During a five-month search in 2008 for Caylee, Casey Anthony told investigators she had left Caylee in the hands of a babysitter, a woman who now is suing Casey for defamation.

Caylee's body was found December 11, 2008 in a wooded area a 15-minute walk from the Anthony home.

Photographs had meanwhile surfaced of Casey partying at a nightclub at a time she claimed to have been searching for her daughter.

Over defense objections, Perry recently issued an order to allow evidence concerning heart-shaped residue a fingerprint examiner saw but did not preserve on duct tape that covered Caylee's mouth. Investigators found heart-shaped stickers in the Anthony home.

Perry also approved a forensic botanist's testimony concerning how long Caylee's body lay in the woods based on plant growth on her bones, evidence of a stain found in Casey's car trunk that is consistent with volatile fatty acids from human decomposition, and elevated chloroform levels detected in Casey's car.

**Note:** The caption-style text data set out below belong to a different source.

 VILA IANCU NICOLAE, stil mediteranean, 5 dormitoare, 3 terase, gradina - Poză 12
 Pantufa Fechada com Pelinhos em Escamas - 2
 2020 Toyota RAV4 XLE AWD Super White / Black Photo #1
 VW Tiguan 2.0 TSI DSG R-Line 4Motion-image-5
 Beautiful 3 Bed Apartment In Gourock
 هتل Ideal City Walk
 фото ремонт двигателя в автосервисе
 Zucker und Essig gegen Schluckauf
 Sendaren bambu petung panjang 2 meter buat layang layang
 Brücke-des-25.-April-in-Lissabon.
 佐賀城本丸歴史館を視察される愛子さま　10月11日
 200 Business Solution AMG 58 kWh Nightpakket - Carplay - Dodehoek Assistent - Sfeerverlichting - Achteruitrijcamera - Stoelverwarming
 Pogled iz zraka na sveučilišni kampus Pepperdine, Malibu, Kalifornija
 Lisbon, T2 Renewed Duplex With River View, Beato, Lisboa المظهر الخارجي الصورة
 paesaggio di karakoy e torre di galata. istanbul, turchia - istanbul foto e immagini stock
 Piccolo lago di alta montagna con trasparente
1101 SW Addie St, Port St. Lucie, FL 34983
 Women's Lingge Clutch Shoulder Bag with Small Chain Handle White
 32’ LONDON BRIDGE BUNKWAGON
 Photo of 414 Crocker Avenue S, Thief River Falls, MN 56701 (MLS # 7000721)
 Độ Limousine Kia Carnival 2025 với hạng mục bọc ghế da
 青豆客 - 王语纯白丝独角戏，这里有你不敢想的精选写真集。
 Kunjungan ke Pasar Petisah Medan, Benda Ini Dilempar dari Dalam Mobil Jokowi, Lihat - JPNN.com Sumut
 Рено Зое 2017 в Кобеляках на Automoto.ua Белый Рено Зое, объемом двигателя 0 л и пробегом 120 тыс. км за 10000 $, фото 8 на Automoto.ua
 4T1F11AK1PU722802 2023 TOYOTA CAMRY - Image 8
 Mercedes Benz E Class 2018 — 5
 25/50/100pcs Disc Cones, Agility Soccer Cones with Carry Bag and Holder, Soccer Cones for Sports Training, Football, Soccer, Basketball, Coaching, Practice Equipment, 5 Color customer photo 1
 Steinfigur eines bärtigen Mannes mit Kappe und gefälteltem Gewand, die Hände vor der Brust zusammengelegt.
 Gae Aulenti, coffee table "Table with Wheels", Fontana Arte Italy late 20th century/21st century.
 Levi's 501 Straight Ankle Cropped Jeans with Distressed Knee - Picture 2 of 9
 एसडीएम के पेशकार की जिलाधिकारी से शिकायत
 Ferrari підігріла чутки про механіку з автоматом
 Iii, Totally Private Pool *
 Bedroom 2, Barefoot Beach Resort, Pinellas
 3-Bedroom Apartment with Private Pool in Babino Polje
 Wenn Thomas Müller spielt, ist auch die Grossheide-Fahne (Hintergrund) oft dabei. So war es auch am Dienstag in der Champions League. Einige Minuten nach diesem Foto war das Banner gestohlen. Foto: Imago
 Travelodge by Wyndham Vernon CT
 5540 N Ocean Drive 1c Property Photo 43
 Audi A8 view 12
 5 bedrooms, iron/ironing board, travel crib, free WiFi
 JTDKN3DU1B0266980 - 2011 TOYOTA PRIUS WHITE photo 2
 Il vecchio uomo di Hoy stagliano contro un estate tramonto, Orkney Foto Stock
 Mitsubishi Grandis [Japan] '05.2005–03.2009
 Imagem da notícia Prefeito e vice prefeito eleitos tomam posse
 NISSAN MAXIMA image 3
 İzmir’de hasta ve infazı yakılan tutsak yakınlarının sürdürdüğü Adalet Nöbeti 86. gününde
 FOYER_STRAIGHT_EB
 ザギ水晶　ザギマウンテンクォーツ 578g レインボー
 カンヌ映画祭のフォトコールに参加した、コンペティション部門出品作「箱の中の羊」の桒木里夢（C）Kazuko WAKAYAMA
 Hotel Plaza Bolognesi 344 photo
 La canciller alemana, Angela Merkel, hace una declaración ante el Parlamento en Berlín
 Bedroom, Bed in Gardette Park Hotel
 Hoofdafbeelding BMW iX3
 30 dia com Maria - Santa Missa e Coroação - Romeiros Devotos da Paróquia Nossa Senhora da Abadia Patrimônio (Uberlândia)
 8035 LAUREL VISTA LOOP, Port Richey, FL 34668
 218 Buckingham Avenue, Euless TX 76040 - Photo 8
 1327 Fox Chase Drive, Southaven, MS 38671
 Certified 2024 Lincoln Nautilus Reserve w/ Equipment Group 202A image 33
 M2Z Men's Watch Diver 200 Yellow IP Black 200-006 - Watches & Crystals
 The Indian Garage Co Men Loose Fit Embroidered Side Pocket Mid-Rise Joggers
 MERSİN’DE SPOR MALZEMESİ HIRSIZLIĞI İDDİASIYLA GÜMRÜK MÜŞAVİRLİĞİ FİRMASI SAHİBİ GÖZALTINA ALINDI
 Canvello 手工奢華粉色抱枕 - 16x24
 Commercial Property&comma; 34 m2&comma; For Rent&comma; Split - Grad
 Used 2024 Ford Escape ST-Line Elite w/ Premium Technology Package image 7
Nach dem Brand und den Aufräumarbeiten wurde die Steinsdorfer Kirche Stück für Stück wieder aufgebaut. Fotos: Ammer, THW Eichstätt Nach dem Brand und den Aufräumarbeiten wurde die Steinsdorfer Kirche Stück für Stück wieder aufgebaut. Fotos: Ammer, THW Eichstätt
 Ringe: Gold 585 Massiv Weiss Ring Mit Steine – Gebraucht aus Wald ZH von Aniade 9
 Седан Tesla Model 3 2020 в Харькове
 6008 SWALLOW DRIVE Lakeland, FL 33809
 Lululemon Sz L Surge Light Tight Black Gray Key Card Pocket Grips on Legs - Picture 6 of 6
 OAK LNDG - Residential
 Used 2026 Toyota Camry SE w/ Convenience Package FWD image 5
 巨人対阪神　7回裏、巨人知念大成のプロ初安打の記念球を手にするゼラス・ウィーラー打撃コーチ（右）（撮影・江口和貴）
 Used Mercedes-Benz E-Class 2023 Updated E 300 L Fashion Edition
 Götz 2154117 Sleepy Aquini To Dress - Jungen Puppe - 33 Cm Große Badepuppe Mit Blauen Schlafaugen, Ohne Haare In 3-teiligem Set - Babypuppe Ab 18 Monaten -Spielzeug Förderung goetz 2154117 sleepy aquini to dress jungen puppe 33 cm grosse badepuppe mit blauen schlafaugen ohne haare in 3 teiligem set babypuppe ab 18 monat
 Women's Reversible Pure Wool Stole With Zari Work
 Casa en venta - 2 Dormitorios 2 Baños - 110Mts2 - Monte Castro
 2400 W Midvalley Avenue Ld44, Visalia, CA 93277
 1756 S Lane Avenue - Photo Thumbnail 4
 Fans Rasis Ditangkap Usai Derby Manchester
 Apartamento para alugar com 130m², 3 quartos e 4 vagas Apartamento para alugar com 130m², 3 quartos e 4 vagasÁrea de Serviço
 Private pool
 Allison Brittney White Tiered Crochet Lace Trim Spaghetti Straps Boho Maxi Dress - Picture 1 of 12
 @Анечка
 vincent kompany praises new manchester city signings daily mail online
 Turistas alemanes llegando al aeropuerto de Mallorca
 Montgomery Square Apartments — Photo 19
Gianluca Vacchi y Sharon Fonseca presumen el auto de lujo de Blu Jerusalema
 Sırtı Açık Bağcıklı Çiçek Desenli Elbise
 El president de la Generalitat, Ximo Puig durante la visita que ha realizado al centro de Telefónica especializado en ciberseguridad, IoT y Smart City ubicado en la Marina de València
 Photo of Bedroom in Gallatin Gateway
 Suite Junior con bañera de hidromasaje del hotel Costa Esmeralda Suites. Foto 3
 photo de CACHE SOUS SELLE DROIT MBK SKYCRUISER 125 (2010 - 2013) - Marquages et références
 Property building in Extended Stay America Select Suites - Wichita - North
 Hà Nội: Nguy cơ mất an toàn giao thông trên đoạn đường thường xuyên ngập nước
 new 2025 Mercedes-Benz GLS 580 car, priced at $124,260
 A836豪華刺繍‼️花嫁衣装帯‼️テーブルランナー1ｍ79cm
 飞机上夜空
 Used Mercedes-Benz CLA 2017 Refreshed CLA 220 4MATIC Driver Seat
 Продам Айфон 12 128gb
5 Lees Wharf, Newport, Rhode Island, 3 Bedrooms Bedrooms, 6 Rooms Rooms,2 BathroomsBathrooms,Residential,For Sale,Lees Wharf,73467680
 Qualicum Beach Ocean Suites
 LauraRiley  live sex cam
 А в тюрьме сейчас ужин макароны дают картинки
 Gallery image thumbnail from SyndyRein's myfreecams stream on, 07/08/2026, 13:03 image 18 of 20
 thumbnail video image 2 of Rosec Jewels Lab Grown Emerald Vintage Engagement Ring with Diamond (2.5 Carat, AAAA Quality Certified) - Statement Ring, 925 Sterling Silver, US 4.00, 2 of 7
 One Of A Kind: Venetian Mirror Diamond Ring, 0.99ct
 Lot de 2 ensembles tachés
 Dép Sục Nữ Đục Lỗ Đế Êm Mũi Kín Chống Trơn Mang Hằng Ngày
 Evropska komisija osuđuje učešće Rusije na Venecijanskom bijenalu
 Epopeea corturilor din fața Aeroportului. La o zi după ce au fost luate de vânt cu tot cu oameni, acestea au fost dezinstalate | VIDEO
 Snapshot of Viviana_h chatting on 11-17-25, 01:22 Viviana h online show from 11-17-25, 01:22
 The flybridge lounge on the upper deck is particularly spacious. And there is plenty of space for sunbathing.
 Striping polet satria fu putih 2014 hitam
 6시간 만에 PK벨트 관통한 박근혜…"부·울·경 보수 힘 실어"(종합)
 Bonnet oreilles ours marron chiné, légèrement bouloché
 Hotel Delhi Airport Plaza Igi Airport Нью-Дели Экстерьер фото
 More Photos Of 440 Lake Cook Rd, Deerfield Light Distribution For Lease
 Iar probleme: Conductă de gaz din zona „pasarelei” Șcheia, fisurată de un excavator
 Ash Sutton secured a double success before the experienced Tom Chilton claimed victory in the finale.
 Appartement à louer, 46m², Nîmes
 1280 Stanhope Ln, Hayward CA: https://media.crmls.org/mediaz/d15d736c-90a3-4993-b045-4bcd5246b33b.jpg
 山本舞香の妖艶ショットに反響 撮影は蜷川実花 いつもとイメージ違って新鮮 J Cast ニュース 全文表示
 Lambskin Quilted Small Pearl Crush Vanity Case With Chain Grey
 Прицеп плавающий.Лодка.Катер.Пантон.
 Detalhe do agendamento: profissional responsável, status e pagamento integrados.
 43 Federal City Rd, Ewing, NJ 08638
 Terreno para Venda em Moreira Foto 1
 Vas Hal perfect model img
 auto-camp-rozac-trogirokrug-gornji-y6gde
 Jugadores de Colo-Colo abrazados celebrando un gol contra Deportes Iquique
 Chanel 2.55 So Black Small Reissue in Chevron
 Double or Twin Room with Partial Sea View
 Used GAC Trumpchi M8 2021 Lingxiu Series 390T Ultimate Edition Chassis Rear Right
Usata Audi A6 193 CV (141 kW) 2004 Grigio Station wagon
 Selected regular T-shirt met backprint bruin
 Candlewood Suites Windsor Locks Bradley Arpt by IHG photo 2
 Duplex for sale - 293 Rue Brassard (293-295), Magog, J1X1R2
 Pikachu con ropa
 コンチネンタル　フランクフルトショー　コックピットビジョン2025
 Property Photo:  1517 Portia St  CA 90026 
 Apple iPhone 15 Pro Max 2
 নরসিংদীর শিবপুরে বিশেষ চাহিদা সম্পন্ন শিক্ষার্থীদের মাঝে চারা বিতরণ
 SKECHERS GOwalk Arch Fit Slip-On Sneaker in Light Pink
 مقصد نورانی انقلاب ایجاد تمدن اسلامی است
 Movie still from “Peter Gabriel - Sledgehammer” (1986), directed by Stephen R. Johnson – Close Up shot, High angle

Investigators found records of a computer search for information about chloroform on the Anthony family computer.

"The evidence that we know about, the evidence that's been disclosed, I haven't seen a piece of it that cannot be explained with some other interpretation," said Rose.

The trial is expected to last up to eight weeks. An unusually large group of 20 jurors and alternate jurors will be selected and then sequestered in Orlando for the duration.

Spectators can line up as early as 5:30 a.m. each day to obtain a pass for one of the approximately 50 seats available to the general public.